Here is an old thread:
cooling fans

And another:
cooling fans 2

I went htroguh the same search as you. Bascially, buy some "ultra-quiet" computer fans an an x-former for them.

If you are interested in some of the 80mm silencers, I have a bunch of extras at home. Just PM me. I never even notice that they are on and they get the job done.

------------------------------
Karl's Parts And Construction Journal 
Karl's 125 aquascape


----------



## ZeroChalk (Nov 25, 2003)

> quote:
> 
> Originally posted by Markstr:
> I am just curious as to how these stack up to
> ...


Icecap fan = waste of money.

There are plenty of fans that you can get on the market that have built in thermo sensors.

Plus, if you acidentally drop that sensor thingy in to the water - your fan is stuck on high mode forever. I have one, it sucks.

Nice hood setup, btw.


----------



## OutKast (Apr 21, 2004)

I actually can't wait to get back from my study abroad in Barcelona so I can build a DIY canopy. Your is sweet...flush at the top where it closes.

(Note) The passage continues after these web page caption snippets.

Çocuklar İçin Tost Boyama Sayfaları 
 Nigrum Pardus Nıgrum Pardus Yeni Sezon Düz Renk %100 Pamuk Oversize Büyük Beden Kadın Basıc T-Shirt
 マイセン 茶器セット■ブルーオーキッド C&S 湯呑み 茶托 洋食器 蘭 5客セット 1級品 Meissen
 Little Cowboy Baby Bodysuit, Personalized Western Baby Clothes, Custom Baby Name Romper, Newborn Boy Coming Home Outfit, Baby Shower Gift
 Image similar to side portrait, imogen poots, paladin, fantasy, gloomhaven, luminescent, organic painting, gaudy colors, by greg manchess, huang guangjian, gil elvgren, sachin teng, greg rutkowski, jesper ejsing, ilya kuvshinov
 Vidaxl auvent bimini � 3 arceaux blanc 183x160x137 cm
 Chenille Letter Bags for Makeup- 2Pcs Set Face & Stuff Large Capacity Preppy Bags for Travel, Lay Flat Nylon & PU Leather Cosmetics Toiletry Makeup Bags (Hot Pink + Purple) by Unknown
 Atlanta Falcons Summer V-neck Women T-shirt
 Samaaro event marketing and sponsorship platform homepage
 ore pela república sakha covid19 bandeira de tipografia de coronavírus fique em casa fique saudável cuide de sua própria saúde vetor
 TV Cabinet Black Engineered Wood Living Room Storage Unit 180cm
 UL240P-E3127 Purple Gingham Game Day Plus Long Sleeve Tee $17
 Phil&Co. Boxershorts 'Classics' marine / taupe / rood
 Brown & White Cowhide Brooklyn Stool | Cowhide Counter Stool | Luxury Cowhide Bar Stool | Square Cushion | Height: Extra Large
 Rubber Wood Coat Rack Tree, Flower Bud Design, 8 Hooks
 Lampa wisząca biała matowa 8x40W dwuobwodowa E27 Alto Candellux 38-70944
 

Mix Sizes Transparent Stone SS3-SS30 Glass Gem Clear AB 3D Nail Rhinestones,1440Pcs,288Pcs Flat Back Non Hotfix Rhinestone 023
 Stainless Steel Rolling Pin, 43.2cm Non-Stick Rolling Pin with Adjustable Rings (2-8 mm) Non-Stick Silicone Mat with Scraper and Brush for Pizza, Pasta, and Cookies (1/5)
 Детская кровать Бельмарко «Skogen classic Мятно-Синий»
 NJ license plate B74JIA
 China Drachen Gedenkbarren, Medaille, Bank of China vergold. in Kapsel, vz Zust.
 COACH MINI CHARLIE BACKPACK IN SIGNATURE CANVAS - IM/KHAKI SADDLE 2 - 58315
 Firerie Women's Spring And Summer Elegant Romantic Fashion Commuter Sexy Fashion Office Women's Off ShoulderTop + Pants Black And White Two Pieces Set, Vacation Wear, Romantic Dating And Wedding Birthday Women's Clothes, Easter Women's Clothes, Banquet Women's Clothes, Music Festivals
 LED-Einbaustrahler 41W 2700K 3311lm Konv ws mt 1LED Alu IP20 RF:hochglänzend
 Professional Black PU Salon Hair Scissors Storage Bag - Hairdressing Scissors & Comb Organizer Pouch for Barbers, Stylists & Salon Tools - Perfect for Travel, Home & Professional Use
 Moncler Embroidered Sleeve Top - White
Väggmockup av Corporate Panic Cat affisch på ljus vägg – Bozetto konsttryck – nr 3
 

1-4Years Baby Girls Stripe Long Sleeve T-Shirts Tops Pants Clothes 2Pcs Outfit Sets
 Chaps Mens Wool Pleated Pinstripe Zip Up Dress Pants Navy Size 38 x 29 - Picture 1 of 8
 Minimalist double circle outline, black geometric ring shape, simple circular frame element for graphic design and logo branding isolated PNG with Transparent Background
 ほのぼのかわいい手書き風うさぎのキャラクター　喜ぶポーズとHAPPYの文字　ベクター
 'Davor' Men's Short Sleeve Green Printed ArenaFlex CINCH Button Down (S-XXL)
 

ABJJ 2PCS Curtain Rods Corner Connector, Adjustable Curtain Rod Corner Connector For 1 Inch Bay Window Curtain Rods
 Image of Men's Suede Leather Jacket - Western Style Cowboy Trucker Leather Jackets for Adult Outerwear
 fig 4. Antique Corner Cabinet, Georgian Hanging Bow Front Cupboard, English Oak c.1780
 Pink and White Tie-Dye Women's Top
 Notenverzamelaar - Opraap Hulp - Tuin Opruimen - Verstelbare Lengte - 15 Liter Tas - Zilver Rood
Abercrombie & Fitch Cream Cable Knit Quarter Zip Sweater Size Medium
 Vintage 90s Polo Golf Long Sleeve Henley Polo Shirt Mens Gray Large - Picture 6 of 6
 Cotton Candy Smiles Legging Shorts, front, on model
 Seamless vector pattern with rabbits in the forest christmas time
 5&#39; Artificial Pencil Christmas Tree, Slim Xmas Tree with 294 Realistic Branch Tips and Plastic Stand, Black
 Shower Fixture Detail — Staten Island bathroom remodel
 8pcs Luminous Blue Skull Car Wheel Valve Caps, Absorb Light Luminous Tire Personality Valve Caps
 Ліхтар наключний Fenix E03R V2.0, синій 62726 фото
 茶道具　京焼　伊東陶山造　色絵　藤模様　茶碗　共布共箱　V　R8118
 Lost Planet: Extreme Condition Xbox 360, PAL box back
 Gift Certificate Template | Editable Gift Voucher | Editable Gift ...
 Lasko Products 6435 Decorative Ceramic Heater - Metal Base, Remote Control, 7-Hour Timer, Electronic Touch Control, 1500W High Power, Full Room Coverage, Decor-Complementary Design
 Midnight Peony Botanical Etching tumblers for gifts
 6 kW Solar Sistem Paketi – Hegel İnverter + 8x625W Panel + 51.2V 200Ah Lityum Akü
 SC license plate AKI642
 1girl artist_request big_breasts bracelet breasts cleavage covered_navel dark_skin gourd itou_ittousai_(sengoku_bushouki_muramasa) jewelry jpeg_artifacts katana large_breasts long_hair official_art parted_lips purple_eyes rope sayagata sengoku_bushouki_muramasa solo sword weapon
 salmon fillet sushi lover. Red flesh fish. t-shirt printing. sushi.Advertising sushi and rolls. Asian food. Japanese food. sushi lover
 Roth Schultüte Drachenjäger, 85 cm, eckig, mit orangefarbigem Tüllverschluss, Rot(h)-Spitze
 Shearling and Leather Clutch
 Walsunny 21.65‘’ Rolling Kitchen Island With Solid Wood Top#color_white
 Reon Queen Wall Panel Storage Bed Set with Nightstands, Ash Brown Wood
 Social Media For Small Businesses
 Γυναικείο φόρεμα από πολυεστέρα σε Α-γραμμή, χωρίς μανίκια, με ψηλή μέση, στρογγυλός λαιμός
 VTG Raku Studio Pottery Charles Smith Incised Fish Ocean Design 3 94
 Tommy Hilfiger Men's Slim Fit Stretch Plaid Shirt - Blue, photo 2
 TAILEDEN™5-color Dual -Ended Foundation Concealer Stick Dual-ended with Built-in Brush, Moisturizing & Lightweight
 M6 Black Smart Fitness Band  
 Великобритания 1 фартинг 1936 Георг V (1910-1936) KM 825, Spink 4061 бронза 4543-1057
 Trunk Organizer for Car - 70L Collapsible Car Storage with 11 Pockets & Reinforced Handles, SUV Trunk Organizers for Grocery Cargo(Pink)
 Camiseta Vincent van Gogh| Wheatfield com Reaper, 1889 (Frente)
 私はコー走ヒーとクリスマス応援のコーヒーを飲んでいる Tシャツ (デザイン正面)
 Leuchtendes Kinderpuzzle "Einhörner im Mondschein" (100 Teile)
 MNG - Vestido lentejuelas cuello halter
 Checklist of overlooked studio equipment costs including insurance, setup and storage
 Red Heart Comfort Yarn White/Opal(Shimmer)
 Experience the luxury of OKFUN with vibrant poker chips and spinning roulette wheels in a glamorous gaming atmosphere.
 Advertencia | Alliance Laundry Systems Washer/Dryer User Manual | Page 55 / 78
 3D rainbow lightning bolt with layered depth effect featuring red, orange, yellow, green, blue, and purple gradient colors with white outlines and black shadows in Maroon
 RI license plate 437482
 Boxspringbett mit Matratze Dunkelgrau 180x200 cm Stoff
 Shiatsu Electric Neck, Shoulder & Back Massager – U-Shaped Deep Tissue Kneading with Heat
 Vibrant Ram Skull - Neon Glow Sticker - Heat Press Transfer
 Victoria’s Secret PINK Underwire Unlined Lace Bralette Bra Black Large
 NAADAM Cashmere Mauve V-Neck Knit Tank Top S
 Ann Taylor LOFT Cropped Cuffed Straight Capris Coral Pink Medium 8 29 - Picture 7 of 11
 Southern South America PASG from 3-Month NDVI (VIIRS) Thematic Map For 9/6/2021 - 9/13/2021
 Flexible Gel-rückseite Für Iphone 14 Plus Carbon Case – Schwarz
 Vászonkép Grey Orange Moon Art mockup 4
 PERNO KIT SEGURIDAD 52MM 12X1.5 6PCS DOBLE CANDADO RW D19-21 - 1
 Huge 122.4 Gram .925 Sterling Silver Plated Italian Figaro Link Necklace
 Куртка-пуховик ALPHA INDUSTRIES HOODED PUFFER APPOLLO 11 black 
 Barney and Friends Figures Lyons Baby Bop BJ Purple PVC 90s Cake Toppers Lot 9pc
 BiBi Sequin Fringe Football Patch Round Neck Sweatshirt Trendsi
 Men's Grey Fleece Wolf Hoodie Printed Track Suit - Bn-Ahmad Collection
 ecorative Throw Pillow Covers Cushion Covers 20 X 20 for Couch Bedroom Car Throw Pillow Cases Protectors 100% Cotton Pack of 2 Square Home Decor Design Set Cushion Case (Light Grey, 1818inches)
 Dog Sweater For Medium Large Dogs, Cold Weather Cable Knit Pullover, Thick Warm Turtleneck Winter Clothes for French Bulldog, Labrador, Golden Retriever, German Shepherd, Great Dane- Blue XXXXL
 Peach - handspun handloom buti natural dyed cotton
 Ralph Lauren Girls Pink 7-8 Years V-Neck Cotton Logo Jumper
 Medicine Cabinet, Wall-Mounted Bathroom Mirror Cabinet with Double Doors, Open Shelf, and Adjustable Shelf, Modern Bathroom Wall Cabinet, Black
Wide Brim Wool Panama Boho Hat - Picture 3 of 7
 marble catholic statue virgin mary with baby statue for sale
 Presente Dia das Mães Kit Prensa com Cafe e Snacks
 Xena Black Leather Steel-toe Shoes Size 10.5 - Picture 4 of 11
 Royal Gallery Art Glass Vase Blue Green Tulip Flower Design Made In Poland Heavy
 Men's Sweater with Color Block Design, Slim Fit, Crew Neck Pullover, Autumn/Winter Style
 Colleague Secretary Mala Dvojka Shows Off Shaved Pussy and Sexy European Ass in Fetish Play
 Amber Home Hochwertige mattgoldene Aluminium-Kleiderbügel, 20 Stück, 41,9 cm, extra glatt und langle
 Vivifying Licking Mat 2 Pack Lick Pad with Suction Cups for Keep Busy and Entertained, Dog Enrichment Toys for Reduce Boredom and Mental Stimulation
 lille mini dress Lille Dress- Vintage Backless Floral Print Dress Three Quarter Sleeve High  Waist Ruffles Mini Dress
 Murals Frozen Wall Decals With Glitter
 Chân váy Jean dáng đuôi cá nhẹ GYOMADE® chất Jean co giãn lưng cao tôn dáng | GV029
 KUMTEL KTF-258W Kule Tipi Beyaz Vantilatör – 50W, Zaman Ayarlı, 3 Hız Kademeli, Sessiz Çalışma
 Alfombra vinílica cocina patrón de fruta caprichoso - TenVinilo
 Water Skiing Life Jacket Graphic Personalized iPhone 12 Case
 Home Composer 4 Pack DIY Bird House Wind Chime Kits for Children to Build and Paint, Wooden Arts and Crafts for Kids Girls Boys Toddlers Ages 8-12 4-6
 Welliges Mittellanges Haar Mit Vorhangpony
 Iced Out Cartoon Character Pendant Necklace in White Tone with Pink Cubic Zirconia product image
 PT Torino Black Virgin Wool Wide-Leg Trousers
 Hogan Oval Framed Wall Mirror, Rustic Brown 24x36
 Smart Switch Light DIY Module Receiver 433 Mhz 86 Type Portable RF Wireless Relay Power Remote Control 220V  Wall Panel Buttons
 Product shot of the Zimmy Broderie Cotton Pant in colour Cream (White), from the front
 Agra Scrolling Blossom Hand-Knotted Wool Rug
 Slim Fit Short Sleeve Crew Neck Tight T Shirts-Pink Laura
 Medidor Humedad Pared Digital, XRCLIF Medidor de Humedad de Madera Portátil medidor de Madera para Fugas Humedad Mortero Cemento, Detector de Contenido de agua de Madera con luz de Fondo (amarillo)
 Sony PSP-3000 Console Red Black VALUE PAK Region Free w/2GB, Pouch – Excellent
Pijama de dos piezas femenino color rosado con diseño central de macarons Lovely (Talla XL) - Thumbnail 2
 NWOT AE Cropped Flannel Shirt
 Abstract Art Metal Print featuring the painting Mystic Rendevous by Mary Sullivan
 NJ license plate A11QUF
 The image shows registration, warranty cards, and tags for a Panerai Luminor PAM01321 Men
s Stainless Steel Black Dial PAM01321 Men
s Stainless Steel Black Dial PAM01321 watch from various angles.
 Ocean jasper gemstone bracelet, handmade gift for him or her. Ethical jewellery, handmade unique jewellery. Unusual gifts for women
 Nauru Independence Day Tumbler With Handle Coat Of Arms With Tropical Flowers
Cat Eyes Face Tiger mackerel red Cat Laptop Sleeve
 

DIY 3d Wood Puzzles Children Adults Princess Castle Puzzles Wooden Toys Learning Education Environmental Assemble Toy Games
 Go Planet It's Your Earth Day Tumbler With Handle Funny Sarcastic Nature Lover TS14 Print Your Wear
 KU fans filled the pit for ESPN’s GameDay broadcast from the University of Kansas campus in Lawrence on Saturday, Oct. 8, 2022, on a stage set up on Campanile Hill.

I was wondering if you could post a picture from the top so I can see how the canopy rests on the tank.


----------



## Troy McClure (Aug 3, 2005)

just to let you all know, vantec makes a 92mm case fan that runs at a higher RPM, same airflow, but 3dB quieter. i'm an audio engineer that uses computers in the studio, and i can say that if you're going to be using multiple fans in your hood, 3db per fan can make a difference.

Vantec "Stealth"
http://www.newegg.com/app/viewProductDesc.asp?description=11-999-603&depa=1


----------



## Jason Hight (Oct 15, 2003)

just curious, when you open the top, does it just rest against the wall behind it or did you make something to keep it from opening all the way (as in 180 degrees)? painting my DIY hood right now, but realized I need something like that (one of those small details you always forget) and can only think of one way - trying to find a better way.


----------



## Mike K (Mar 27, 2003)

I used a piano hinge and the top of the hood rests on the back wall when it is opened.


----------



## docjosh (May 12, 2004)

Another idea to use for holding the hood...i used the spring loaded hinges they sell for uses like toyboxes so the lid does not slam down on your fingers. I picked it up at Lowes for about $4. If your hood is heavy you might get two or more. What is nice is it holds the hood at any angle you like, although it does prevent the hood from going more than 90 deg open.


----------



## kherman (Apr 7, 2003)

For people wondering about the hinge docjosh just described, think of the hinges that some car hoods use that stay open on there own. Same concept. Spring loaded









Just wanted to mention it because Ididn't see the link with toy boxes


----------



## Jason Hight (Oct 15, 2003)

Well what I basically ended up doing was just attaching wire to the lid and the base of the hood on each side and that keeps it open at a little more than 90 degrees. normal electrical wire wouldn't work...kept breaking with the lights on there, so I used an old D string from a bass guitar for the wire - its nice and thick and super strong (after all, strings are made to hold tension for a long time)

thanks for the hinge idea though, I like that. might have to try something like that on the next hood I make (might get a 55 long at the end of summer)


----------



## docjosh (May 12, 2004)

My goof (i am new if i can blame that!







)
The device i am thinking is less of a hinge as a slow closing device. for example See: Lid Support

You still need a hinge..i used a piano hinge.
Hope this is more clear.


----------



## Alex (Mar 31, 2004)

You can also use tension holders like these, one on each side (they make a right and left). http://adkins.dynip.com/32g/32g-15-canopy-friction-1.jpg

Alex


----------



## jart (Mar 13, 2005)

i looked ad infinitum for hinges that have been posted in this thread (before settling on a different design). thanks (might be an idea for a future hood design).

i would like to suggest some of you purchase some of those adhesive things (small round discs) that are used in kitchen cabinets to keep the doors from closing loudly. these, attached to the top of your hood, might keep you out of trouble with the lady of the house (or at least, keep you from painting the marks on the wall that you could make when you open your hood if your tank is situated close to the wall). you can buy the clear ones so they would not look conspicuous.


----------